2016 Wisconsin-Michigan State
The 2016 season wasn’t as great as the 2017 season for the Wisconsin Badgers football program, but it was loaded with great moments. The season-opening win over LSU was immensely satisfying and validating. The season-ending Cotton Bowl win might have come against Western Michigan, a “no-glory” assignment in a New Year’s Six game against the Group of Five champion (somewhat akin to what Penn State faces this December against Memphis), but it was still a New Year’s Six bowl win. Those are always moments to cherish.
In the 2016 season, there was one other moment which stood out from the rest, a moment important enough to highlight in our review of great Wisconsin achievements in the 2010s. The 30-6 beatdown of the Michigan State Spartans in East Lansing reverberates through the Big Ten landscape today.
When Wisconsin and Michigan State played on that sun-drenched, late-September afternoon in 2016, Wisconsin was ranked 11th and MSU No. 8. Michigan State was riding high, having just won on the road at Notre Dame and coming off a 2015 season in which it made the College Football Playoff, having won the Big Ten title over Iowa in Indianapolis. Michigan State had won the Big Ten and the Rose Bowl in the 2013 season. Two years later, MSU reached the playoff and climbed over Ohio State in Columbus to do it, dethroning the defending national champions and making their own powerful statement. Mark Dantonio was at the height of his powers. Michigan State was the 1-B in the Big Ten compared to Ohio State’s 1-A. Wisconsin was the third-best program in the conference, a cut below the Buckeyes AND the Spartans in the Big Ten pecking order.

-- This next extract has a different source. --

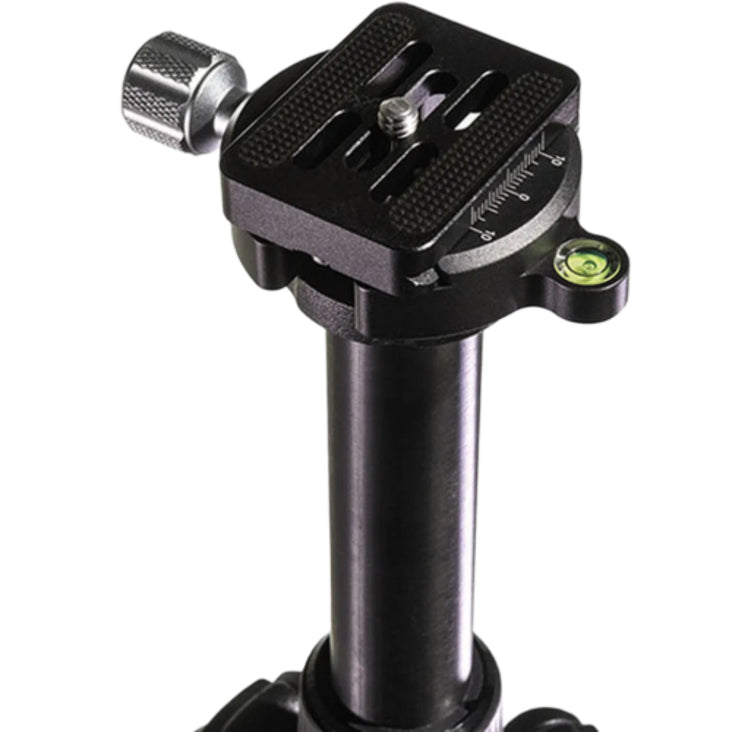 Tether Tools Rock Solid Arca Quick Release Tripod Adapter and Plate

What happened in that 24-point win over Michigan State reflects more on the Spartans, in a sense, than the Badgers. Yes, this victory put Wisconsin on track to win 11 games, a division title, and a New Year’s Six bowl, sustaining the Paul Chryst era and forming an on-ramp to the brilliant 2017 season which would follow. Yet, in many ways, this game marked a turning point more for Michigan State than UW… and not in a good way. Michigan State did win 10 games in 2017, but that has become the aberration, not the norm, for the Spartans.

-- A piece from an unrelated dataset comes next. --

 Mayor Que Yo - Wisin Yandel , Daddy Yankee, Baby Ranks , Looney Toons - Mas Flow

The blowout loss to Wisconsin in early 2016 led to a disastrous domino effect for Dantonio, whose team plummeted to 3-9. Michigan State has lost at least six games in each of the past two seasons (bowl game included), and many people in and around the Big Ten feel that Dantonio is on his last legs. His program clearly doesn’t have the strength or resilience it once owned.
Wisconsin clearly weakened Michigan State’s program in 2016. It didn’t deliver a finishing blow, but it began a process of erosion which is in evidence to this day. Few in the college football industry would be shocked if 2020 is Dantonio’s last season on the job.

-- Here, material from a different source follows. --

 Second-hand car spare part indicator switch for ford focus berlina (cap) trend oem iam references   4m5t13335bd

Michigan State hasn’t been back to the Big Ten Championship Game since 2015. It hasn’t returned to a New Year’s Six game. It hasn’t kept up in the Big Ten, whereas Wisconsin has supplanted the Spartans as the second-most successful team in the conference, with Penn State also having an argument to make on that front. Wisconsin and Ohio State have met in two of the last three Big Ten Championship Games, and the Badgers are playing in their third New Year’s Six game in the past four seasons, matching Penn State in that category.
The 2016 Michigan State game will be viewed as an important moment in the story of Big Ten football 20 years from now. Wisconsin authored the story, but its biggest development affected the team the Badgers bludgeoned.